The inverse dynamics calculation for fingers’ joints was carried out using the estimated values of the ball contact forces exerted by the fingers. Data was analyzed with regard to the normalized time, 0–100%, from the instance when the ball is farthest from catcher to the instance when the thumb’s fingertip loses contact with the ball just prior to ball release.

3. Results and Discussions

3.1. Contribution to Ball Speed with Respect to 22-Segment Model

Figure 2a,b show the contributions of the individual terms and major contributors to the ball speed for a motion with stable data acquisition. The sum of contributions coincides with the measured speed (Figure 2a).
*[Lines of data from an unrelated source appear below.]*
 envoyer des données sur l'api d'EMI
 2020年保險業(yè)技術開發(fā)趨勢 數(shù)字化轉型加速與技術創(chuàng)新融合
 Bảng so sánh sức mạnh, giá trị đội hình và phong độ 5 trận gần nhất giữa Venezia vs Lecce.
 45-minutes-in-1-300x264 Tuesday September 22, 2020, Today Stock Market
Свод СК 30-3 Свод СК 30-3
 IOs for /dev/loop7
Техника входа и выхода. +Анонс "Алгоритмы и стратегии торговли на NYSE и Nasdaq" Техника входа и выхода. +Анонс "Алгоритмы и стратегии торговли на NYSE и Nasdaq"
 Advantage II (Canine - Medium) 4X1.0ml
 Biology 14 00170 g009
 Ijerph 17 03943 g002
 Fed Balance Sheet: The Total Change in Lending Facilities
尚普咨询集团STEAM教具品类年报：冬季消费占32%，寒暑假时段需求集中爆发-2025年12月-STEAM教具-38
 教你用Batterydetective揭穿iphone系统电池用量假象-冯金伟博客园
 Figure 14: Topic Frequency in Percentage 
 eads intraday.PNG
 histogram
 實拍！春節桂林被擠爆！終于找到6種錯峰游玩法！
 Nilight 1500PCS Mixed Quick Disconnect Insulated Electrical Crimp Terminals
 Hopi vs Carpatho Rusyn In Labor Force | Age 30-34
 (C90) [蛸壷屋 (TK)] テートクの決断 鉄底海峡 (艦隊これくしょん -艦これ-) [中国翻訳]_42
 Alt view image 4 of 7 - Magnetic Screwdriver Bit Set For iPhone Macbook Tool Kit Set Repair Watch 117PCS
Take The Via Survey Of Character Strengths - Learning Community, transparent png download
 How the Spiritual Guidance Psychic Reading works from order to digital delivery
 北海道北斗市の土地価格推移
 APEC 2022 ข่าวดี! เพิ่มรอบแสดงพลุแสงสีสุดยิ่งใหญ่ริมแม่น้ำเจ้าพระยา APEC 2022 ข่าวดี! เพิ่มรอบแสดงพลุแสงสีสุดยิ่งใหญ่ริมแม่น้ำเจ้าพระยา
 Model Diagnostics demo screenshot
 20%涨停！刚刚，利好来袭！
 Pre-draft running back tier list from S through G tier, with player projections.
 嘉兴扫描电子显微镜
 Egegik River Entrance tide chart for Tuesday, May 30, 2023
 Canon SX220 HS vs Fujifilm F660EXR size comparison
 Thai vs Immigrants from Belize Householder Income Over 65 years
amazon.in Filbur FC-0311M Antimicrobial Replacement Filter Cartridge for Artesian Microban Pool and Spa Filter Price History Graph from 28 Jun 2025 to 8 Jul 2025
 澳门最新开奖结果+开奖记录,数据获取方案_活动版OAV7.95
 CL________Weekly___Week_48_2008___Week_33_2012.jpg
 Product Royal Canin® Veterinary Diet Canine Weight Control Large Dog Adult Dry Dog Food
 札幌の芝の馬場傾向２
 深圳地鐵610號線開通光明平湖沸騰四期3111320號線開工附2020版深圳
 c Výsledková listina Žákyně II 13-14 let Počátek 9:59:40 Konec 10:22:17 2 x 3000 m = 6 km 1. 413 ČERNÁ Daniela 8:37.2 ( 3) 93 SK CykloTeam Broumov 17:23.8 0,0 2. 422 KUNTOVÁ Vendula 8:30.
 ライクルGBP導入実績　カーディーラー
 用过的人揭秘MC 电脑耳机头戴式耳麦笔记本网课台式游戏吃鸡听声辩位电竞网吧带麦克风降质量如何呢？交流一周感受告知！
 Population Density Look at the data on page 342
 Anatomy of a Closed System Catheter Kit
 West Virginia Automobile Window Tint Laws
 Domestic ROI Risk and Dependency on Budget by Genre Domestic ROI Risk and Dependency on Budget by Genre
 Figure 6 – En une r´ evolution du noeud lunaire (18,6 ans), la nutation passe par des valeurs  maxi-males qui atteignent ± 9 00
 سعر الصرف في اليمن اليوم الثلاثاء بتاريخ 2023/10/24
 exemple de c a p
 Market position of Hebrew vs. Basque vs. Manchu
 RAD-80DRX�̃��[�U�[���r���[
The joint torque term is the largest contributor to the ball speed in this model. The MDT shows small contribution to the ball speed. The PIP-joint torques of index and middle fingers are the major contributors to the ball speed (Figure 2b).

3.2. Contribution to Ball Variables with Respect to 16-Segment Model

Figure 3a,b show the contributions of the individual terms to the ball speed and ball angular velocity with respect to the 16-segment model. In contrast to the result in Figure 2a, the MDT is the largest contributor to the ball variables just before ball release.

3.3. Main Contributors to Ball Speed in Consideration of Generating Factors of MDT

Figure 4a–c show the main joint-torque contributors of shoulder joint, elbow and wrist joints, and torso joint to the generation of ball speed after converting MDT into other terms using Equations (9) and (10). The horizontal adduction torque is the positive contributor to the ball speed. The elbow flexion/extension-axial torque shows large magnitude of negative/positive contribution, and is the one of the largest contributors just prior to ball release. The lateral flexion-axial torus and ante/retroflexion-axial torque are positive and negative contributors to ball speed, respectively.

4. Conclusions

This study has quantified the generation mechanism of linear and angular velocities of ball by using an induced speed analysis with and without finger segments. The results show that the roles of finger joints are supporting the ball during pitching motion, and that the torques of pitching-side arm and torso joints are major positive or negative contributors to the generation of the ball variables by utilizing cumulative effects of joint torque inputs.